[Short text fragments from websites]
━━━━
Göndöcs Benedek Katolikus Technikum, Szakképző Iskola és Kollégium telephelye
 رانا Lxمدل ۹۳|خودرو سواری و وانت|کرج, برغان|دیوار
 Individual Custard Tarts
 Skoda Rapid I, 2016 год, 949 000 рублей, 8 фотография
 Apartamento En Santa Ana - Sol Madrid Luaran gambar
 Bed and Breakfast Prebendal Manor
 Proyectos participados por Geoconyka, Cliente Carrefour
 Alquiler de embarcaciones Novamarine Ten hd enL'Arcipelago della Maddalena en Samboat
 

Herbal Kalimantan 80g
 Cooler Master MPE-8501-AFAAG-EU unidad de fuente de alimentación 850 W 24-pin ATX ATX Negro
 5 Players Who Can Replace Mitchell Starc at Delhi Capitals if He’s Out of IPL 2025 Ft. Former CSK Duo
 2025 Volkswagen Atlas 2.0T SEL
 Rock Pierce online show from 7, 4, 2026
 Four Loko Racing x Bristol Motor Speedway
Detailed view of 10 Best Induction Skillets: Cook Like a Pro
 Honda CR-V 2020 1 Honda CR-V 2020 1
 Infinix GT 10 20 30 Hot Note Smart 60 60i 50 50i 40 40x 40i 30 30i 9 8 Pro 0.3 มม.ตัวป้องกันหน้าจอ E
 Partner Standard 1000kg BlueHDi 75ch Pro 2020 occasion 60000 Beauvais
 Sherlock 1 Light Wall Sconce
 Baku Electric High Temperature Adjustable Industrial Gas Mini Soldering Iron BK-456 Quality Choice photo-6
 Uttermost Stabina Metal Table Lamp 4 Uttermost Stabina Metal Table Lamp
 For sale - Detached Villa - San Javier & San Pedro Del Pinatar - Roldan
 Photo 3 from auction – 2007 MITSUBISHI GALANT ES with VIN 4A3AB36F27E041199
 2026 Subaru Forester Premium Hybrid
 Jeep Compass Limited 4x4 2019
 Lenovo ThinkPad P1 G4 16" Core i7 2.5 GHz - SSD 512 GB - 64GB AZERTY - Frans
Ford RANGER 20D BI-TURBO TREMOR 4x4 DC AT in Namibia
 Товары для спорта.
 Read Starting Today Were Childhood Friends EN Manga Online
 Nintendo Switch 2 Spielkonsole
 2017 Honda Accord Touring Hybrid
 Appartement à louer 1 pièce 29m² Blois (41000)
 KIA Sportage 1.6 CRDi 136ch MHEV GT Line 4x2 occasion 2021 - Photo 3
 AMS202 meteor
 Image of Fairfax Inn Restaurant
━━━━
#### Task brief:
Return word for word the lines above from the line with "Sherlock 1 Light Wall Sconce" to the line with "2017 Honda Accord Touring Hybrid", including both and leaving out all others.

#### Solved exercise:
 Sherlock 1 Light Wall Sconce
 Baku Electric High Temperature Adjustable Industrial Gas Mini Soldering Iron BK-456 Quality Choice photo-6
 Uttermost Stabina Metal Table Lamp 4 Uttermost Stabina Metal Table Lamp
 For sale - Detached Villa - San Javier & San Pedro Del Pinatar - Roldan
 Photo 3 from auction – 2007 MITSUBISHI GALANT ES with VIN 4A3AB36F27E041199
 2026 Subaru Forester Premium Hybrid
 Jeep Compass Limited 4x4 2019
 Lenovo ThinkPad P1 G4 16" Core i7 2.5 GHz - SSD 512 GB - 64GB AZERTY - Frans
Ford RANGER 20D BI-TURBO TREMOR 4x4 DC AT in Namibia
 Товары для спорта.
 Read Starting Today Were Childhood Friends EN Manga Online
 Nintendo Switch 2 Spielkonsole
 2017 Honda Accord Touring Hybrid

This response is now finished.